In the family albums I can’t find any photos of my brothers and I being really sick, which is surprising because my father would take a photo of anything that held still. There are a few of us when we were recovering and bored.


In those days when you were sick, you just sweated it out. Literally. We didn’t have to worry about AIDS but there was a lot of worry about polio. The little girl next door died of that. We were vaccinated for smallpox. None of us had mumps. I personally only had measles, chicken pox, and pneumonia, which meant that I had a shot in the butt with the new miracle drug, penicillin. No one asked me if I were allergic to it. Until penicillin lots of children died of pneumonia.


My brother had scarlet fever, which gave him a slight heart murmur, but not bad enough to keep him from wrestling in high school. Just bad enough for my mother to worry forever after, even after he was grown and strong. And bad enough that the bedroom curtains and my big box of paper dolls were burned because they had been under the bed. I was aghast because they were real people to me; I had a vision of germs like radioactive dandruff falling on the box, a kind of sci-fi.


Our sore throats and coughs were treated with Cheracol, a cherry-flavored cough syrup. In fact, we loved it (high alcohol content and really sweet) and insisted that if any one of us coughed, we all had to have some on grounds of prevention. I don’t think it had codeine in it, but maybe. The other major prevention for colds and flu was Vicks Vaporub which my mother rubbed on vigorously, saying, “Golly, golly, golly, golly. . .” I have no idea why she said that. I asked her as a grownup and she thought it was ridiculous to even THINK about Vicks. (I still put it on my chest but don’t say “Golly,golly,golly, golly” unless the cats ask me to. They love the stuff and want to lick it.) Bob used to put it in his mouth and let it dissolve. The directions say not to do that, but he came from a time when turpentine was considered medicine, and he thought Vicks was milder that that.


My legs ached all through adrenarche when long bones are growing and stretching out muscles. My mother rubbed on lemon-scented liniment but she didn’t say anything. I suspect she was cursing under her breath because it usually ached most at bedtime, which was supposed to be the beginning of her alone time.


When we went strawberry picking — in my day, during strawberry season, the growers counted on child labor and school letting out was timed to send us into the fields — we’d crawl or stoop along the rows all day until we were crippled and sunburned. The first line of medication was stopping at a place called “Frosty Root Beer” where they put the glass mugs in the freezer. The root beer froze onto the sides, colder than cold can scientifically be. When we got home, my mom rubbed us down with Absorbine Jr. These days, if I’m really in pain, I use the original Sr. version which was invented for horses. I like the smell of these meds. Doesn’t seem like meds smell much anymore.

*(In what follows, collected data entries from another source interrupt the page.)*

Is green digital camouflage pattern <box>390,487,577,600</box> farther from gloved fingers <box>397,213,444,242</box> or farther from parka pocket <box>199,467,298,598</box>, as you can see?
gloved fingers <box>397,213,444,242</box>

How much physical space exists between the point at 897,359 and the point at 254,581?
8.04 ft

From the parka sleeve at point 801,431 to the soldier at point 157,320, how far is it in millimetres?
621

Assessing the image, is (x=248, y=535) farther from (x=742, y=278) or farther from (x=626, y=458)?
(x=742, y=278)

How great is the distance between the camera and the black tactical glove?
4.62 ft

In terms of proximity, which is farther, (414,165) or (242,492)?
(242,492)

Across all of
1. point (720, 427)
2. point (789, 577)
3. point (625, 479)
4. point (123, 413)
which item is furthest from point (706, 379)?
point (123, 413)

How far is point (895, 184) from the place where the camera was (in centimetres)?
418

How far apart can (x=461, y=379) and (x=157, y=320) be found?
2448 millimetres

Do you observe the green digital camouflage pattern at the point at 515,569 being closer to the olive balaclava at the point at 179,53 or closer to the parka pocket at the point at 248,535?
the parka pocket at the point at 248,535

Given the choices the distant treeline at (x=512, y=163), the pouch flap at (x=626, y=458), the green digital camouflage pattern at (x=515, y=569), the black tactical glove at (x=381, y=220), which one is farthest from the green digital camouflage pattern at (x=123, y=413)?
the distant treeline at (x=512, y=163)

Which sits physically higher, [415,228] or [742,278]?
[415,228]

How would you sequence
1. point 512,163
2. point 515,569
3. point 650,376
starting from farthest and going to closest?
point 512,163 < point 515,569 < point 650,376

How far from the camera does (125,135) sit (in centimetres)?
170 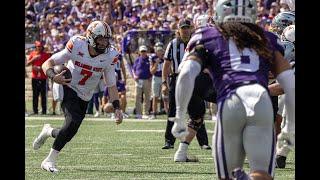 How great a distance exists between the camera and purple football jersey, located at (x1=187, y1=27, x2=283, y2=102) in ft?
19.7

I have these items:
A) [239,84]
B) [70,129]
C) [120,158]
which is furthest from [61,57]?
[239,84]

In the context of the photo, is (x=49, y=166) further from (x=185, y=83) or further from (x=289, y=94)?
(x=289, y=94)

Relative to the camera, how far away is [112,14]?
26562 mm

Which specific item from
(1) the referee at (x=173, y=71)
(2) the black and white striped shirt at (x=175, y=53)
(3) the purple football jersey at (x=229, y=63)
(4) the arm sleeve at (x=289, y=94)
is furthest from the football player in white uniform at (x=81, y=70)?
(4) the arm sleeve at (x=289, y=94)

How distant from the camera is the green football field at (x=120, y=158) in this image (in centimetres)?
932

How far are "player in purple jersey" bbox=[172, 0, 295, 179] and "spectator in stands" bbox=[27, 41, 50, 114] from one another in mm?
15436

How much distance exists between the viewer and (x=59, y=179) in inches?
350

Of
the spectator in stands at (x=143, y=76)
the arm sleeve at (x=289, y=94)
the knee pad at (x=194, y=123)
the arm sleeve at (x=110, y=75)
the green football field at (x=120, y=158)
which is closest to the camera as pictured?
the arm sleeve at (x=289, y=94)

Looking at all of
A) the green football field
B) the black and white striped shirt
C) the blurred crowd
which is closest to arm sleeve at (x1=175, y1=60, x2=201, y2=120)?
the green football field

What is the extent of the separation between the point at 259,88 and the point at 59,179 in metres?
3.47

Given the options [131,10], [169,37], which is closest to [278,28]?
[169,37]

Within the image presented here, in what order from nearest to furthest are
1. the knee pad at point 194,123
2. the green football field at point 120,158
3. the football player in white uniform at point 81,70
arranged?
the green football field at point 120,158 → the football player in white uniform at point 81,70 → the knee pad at point 194,123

We took “Petrolauger” (white glop) and Jaquline (?) which might have been Geritol. Some kind of iron tonic that tasted wretched. Cod liver oil. Everyone took cod liver oil — not in capsules, with a spoon. In my mother’s last years the doctor wanted her to take potassium. He said it tasted dreadful and most people wouldn’t do it, even if he asked them to for their own good, but my mother was tough and obedient, so he told her to do it and she did. Proudly. She was a Stoic. More than was good for her.


When a Catholic family with seven girls moved in across the street, it coincided with a plague of ringworm on we three kids and my cat. My mother stood each of us in turn on a bench and painted each circle with iodine while we screamed and stamped our feet as though she were burning them off with a hot iron. Years later the girls across the street confided that they thought we were undergoing some strange Protestant torture ritual. I painted the cat myself. He didn’t fuss but he looked a little strange being black and white and purple.


Because I had chicken pox, I have herpes. It might flare up as shingles. I’ve had rabies shots because of being an animal control officer, but it might have worn off by now.


I’m just kidding around, trying to make being sick seem normal. I can remember three times over the years that T. simply freaked out over the amount of pills and scars. Once he had all the pill bottles grouped on the kitchen table, covering the entire surface, and once he had them all in a bag and dumped them out onto a couch, making a heap bigger than the dog.


But the bitterly funniest one was a review of his surgery scars — ALL of them. There are a lot, both shoulders, both hips, torso front and back, arms, collar bone. But later he came back and removed the butt shot. Too bad. He has a cute butt. For an old Alpha Male.